Expunging the traces of mass murder is more difficult than might be imagined.
More than a fortnight after Anders Breivik's massacre on the Norwegian holiday island of Utoya, police and firemen are still struggling to clear up the mess the Muslim- and Labour Party-hating gunman left in his wake.
Hundreds of spent metal cartridges ejected by the killer's frightening assortment of automatic weapons are proving one of the biggest headaches. Police have been forced to use metal detectors to comb the paths and beaches where Breivik gunned down his 69 victims.
Getting rid of absolutely all the cartridge cases has become an issue of paramount importance.
"They are not the sort of thing people will want to stumble across on future visits to Utoya," a police spokesman said.

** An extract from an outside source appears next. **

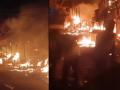 Mumbai: Huge Fire Breaks Out Near Jivdani Temple Hill in Virar (Watch Video) - Hindi News | Mumbai: Huge Fire Breaks Out Near Jivdani Temple Hill in Virar (Watch Video) | Latest mumbai News at Lokmattimes.com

The idyllic wooded island, which lies some 600m offshore about 35 miles north-west of Oslo, was given to the Labour Party as a present by Norway's powerful trade unions shortly after World War II.
The island has since hosted annual summer camps for hundreds of budding young socialists. Many have gone on to join the country's ruling political elite.
Yet so far no one appears to have any idea how the site of the country's worst act of violence since World War II can continue to function as a happy holiday island.
Eskil Pedersen, the party's youth-wing leader, remains defiant: "We will be holding summer camps on Utoya again," he declares to young members on his website.
"I hope to see lots of you there," he adds.